TUNE INTO YOUR AUTHENTIC SELF

  • Reduce or eliminate your attachment to your unwanted thoughts by recognizing that they are always changing and do not define your identity.
  • Develop the ability to "tune into" your authentic self which is a permanent and deeper part of yourself that transcends your thoughts and feelings.
  • Access your authentic self by looking at pictures of yourself from your childhood and connecting with the part of you that never changes.
  • Become aware of when you are focused on your thoughts and when you are in the realm of your authentic self and develop the ability to select which aspect of your psyche you are in at any given moment.
  • Recognize that you can remain in your authentic self most or all of the time and still lead an effective life in the outside world.
  • When you are unable to solve a challenging problem through rational thought, let it go and trust that a solution will come to you when you least expect it.

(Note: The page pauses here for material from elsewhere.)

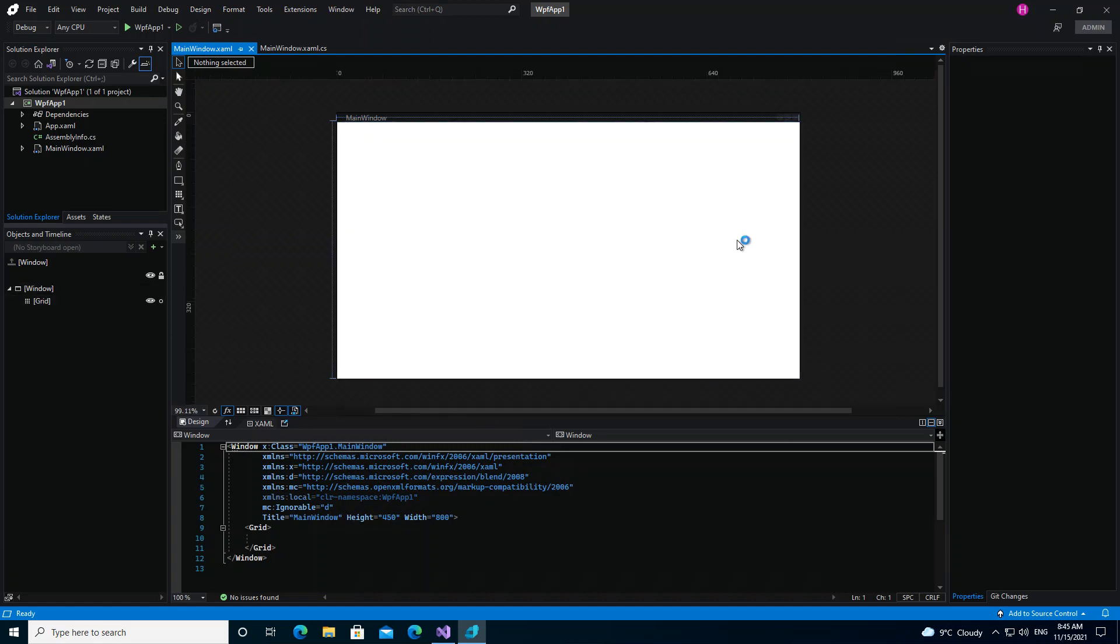Basically, this is what we get for Blend for Visual Studio 2022 if you've not been using Blend before. As you can see, it's very similar to Visual Studio.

ELIMINATE NEGATIVE REACTIONS

  • Train yourself to respond to challenging situations effectively by detaching, "going to the balcony" and calmly deciding the best course of action.
  • Recognize the visceral, physiological sensations you experience just before you have a negative reaction and make a strong commitment not to respond to them.
  • Visualize a steel garage door slamming down and severing the connection between the challenging situation at hand and your emotional reaction to it.
  • Recognize that no one can "make" you mad except yourself.
  • Know that your choice to be calm and focused rather than emotionally reactive does not mean that you are powerless or have no options.

APPRECIATE WHAT YOU HAVE

  • Recognize that we impair our happiness when we always look for something else to happen in our lives to achieve it.
  • Value and savor all you have in your life and live with a sense of abundance rather than scarcity.
  • Enjoy the little things in life that provide you with pleasure, comfort, satisfaction, etc.
  • Prove to yourself how much control you have over your happiness by thinking about everything lacking in your life, switching your focus to everything for which you are grateful, and then noticing how this exercise changes your mood.
  • Appreciate the positive aspects of your life by listing them as you breathe out.

ENJOY THE PRESENT MOMENT

  • Recognize that your problems exist mainly within your mind and transcend them by focusing on the present moment.
  • Switch your attention from your thoughts to what you are experiencing through your senses.
  • "Lose" yourself in an activity that so fully captures your attention that you leave the realm of thought.
  • Relish all the moments of your life rather than simply viewing them as opportunities to get things done.
  • Develop a regular meditation practice that enables you to experience a deep sense of inner peace and fulfillment
  • Surrender to what is rather than resisting it and know that this does not prevent you from taking action to create the changes you want in yourself or the world.
  • Take the risk of letting go of your hyper-vigilance to prove that you do not need it to protect yourself or your loved ones from harm.
  • Whenever you are caught up in worrying, ask yourself if there is something you can do about what you are worrying about.  If there is, do it.  If there is nothing you can do, let your worry go.

PASS YOUR COMPASSION ON TO OTHERS

  • Share the happiness, peace of mind and abundance you have gained from self-compassion with others to help them be their best selves.
  • Use your increased positive energy to fight for causes you believe in and, therefore, help create a better world.